Kondisi yang membentuk karakter dan ciri khas petani pedesaan sebagaimana terurai di atas telah melahirkan apa yang oleh Scott (1983:3) dinamakan “etika subsistensi”, yakni kaidah tentang “benar dan salah”, yang membimbing petani dan warga komunitas desa mengatur dan mengelola sumber-sumber kehidupannya (agraria) dalam rangka memenuhi kebutuhan-kebutuhan mereka di dalam komunitas.

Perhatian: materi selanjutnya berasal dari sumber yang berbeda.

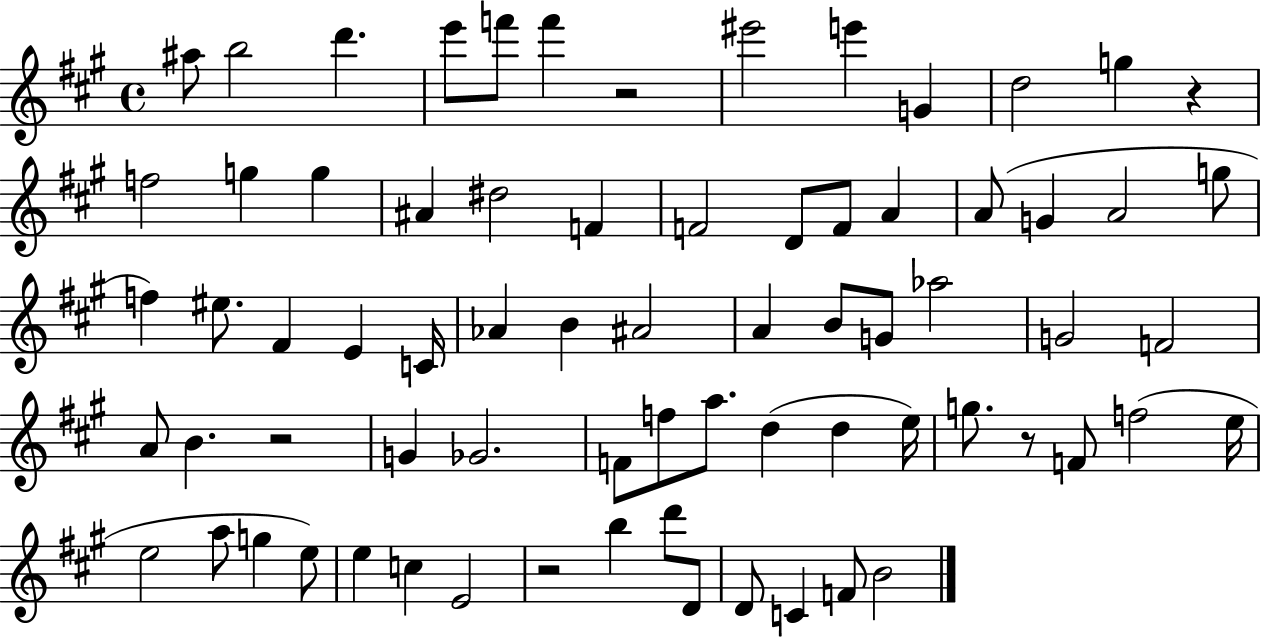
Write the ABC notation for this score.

X:1
T:Untitled
M:4/4
L:1/4
K:A
^a/2 b2 d' e'/2 f'/2 f' z2 ^e'2 e' G d2 g z f2 g g ^A ^d2 F F2 D/2 F/2 A A/2 G A2 g/2 f ^e/2 ^F E C/4 _A B ^A2 A B/2 G/2 _a2 G2 F2 A/2 B z2 G _G2 F/2 f/2 a/2 d d e/4 g/2 z/2 F/2 f2 e/4 e2 a/2 g e/2 e c E2 z2 b d'/2 D/2 D/2 C F/2 B2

Selanjutnya, sebelum kita menjawab pertanyaan bagaimana pendekatan ekonomi-moral menjelaskan sebab-sebab/prasyarat munculnya perlawanan petani, terlebih dahulu perlu kami kemukakan dua hal menyangkut operasionalisasi pendekatan ini, paling tidak dalam studinya Scott (1983). Pertama, pendekatan ekonomi-moral menempatkan “etika subsistensi” sebagai pusat analisis dalam memperoleh kejelasan tentang sebab-sebab dan prasyarat bagi terjadinya perlawanan petani. Caranya, kedua, adalah dengan menyelami apa yang oleh Scott disebut ekonomi-moral petani, yakni konsepsi petani tentang keadilan ekonomi dan pegertian mereka tentang eksploitasi – batasan petani tentang pungutan-pungutan atas hasil produksi pertanian yang bisa dan tidak bisa ditoleransi. Dengan demikian, pendekatan ekonomi-moral menempatkan etika subsistensi dan ekonomi-moral petani pedesaan sebagai variabel yang dipengaruhi (dependent variable).

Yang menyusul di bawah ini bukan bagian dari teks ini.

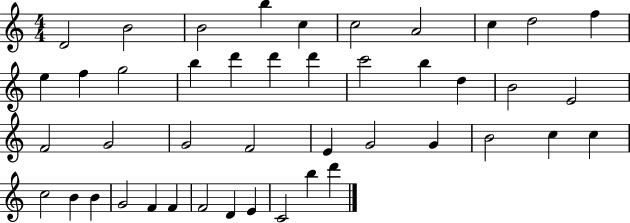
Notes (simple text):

D4/h B4/h B4/h B5/q C5/q C5/h A4/h C5/q D5/h F5/q E5/q F5/q G5/h B5/q D6/q D6/q D6/q C6/h B5/q D5/q B4/h E4/h F4/h G4/h G4/h F4/h E4/q G4/h G4/q B4/h C5/q C5/q C5/h B4/q B4/q G4/h F4/q F4/q F4/h D4/q E4/q C4/h B5/q D6/q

Sebagaimana penjelasan di muka, kelangsungan hidup petani sangat tergantung, di satu sisi pada ketersediaan sumber-sumber kehidupan (agraria) di dalam desa; dan sisi lain pada institusi yang berfungsi mengatur proses distribusi sumber-sumber kehidupan itu secara adil dan merata di antara warga desa. Kenyataan ketergantungan petani tersebut tidak berada dalam kerangka memaksimalkan pencapaian hasil (keuntungan), melainkan diarahkan sebatas memenuhi kebutuhan subsisten.

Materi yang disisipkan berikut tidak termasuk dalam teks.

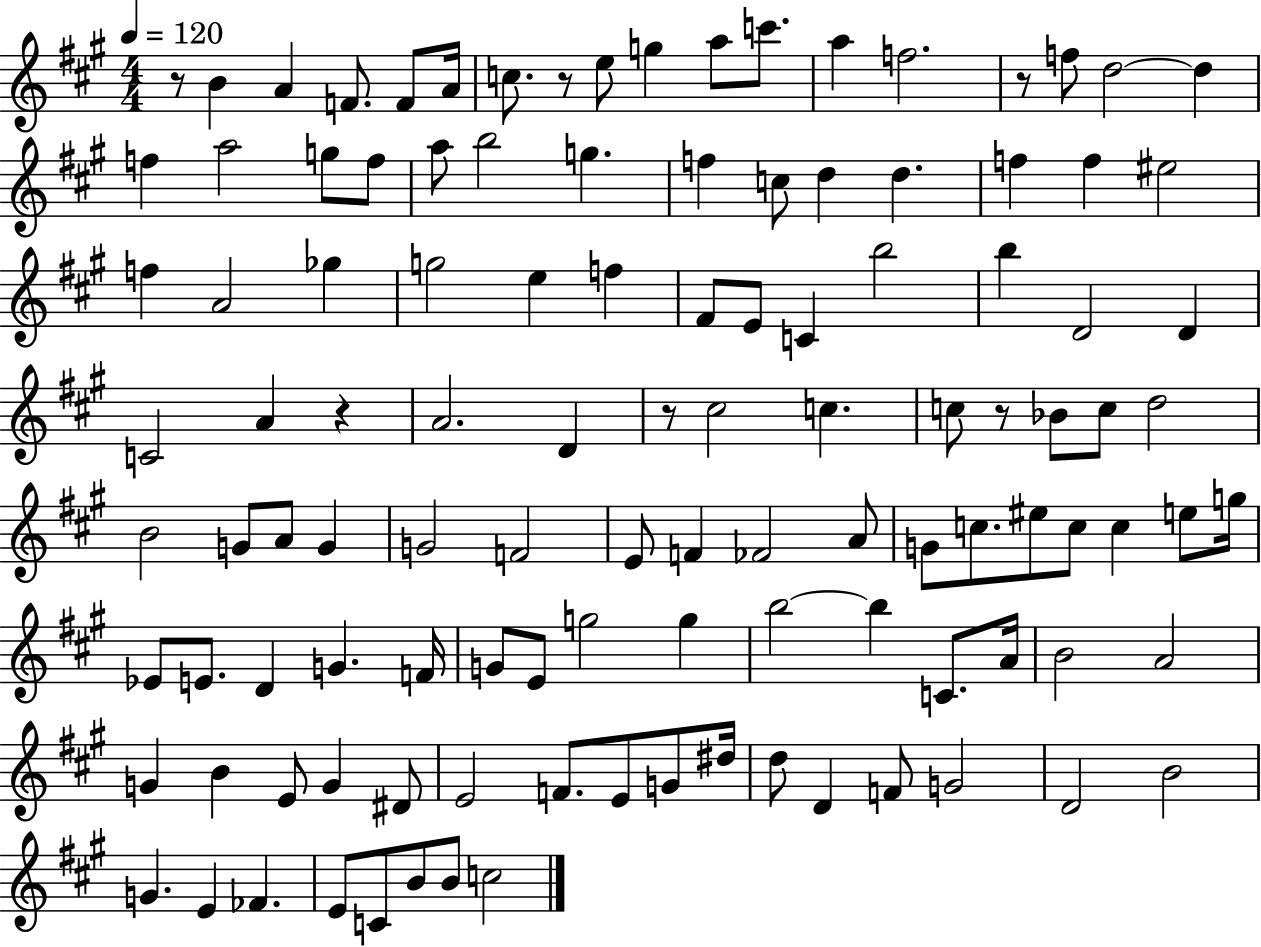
{
  \clef treble
  \numericTimeSignature
  \time 4/4
  \key a \major
  \tempo 4 = 120
  r8 b'4 a'4 f'8. f'8 a'16 | c''8. r8 e''8 g''4 a''8 c'''8. | a''4 f''2. | r8 f''8 d''2~~ d''4 | \break f''4 a''2 g''8 f''8 | a''8 b''2 g''4. | f''4 c''8 d''4 d''4. | f''4 f''4 eis''2 | \break f''4 a'2 ges''4 | g''2 e''4 f''4 | fis'8 e'8 c'4 b''2 | b''4 d'2 d'4 | \break c'2 a'4 r4 | a'2. d'4 | r8 cis''2 c''4. | c''8 r8 bes'8 c''8 d''2 | \break b'2 g'8 a'8 g'4 | g'2 f'2 | e'8 f'4 fes'2 a'8 | g'8 c''8. eis''8 c''8 c''4 e''8 g''16 | \break ees'8 e'8. d'4 g'4. f'16 | g'8 e'8 g''2 g''4 | b''2~~ b''4 c'8. a'16 | b'2 a'2 | \break g'4 b'4 e'8 g'4 dis'8 | e'2 f'8. e'8 g'8 dis''16 | d''8 d'4 f'8 g'2 | d'2 b'2 | \break g'4. e'4 fes'4. | e'8 c'8 b'8 b'8 c''2 | \bar "|."
}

Adil dan merata dalam konteks ini menunjuk pada sebuah kondisi di mana setiap orang (warga desa) memiliki kesempatan yang sama atas sumber-sumber kehidupan – aspek pemerataan – sebatas yang diperlukan untuk memenuhi kebutuhan subsisten dan tuntutan-tuntutan luar atas hasil pertanian – aspek keadilan. Aspek pemerataan dan keadilan inilah yang menjiwai etika subsistensi petani. Dalam kondisi di mana sumber-sumber kehidupan – terutama tanah – yang tersedia di dalam desa semakin terbatas jumlahnya – karena tekanan jumlah penduduk dan proses modernisasi – apa yang diupayakan petani untuk memenuhi tuntutan pemerataan dan keadilan itu disebut sebagai gejala “shared poverty” (kemiskinan yang dibagi rata) dan “involusi pertanian” (Geertz,1983).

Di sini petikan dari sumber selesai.